● What is being asked
Each line of the listing below must be retyped exactly, with images left out.

● Material provided
<<<<

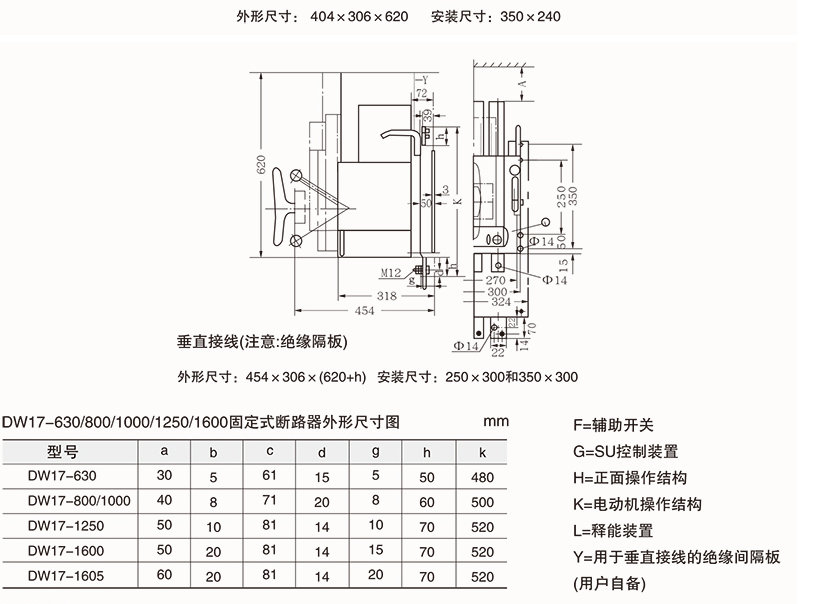 DW17(ME)万能式断路器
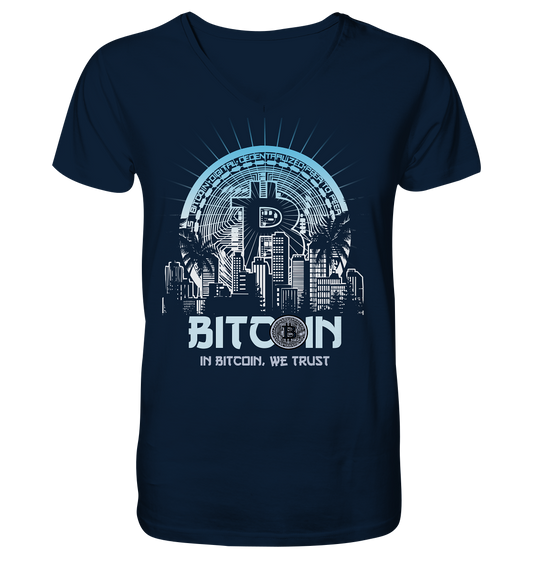 Bitcoin Town We Trust - V-Neck Shirt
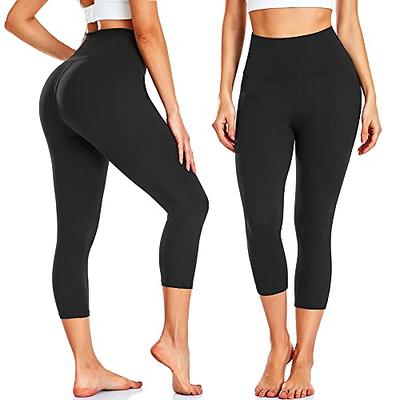 3 Pack High Waisted Leggings for Women-Soft Athletic Tummy Control Pants  for Running Yoga Workout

>>>>

● Result for this exercise
 DW17(ME)万能式断路器
 Bitcoin Town We Trust - V-Neck Shirt
 3 Pack High Waisted Leggings for Women-Soft Athletic Tummy Control Pants  for Running Yoga Workout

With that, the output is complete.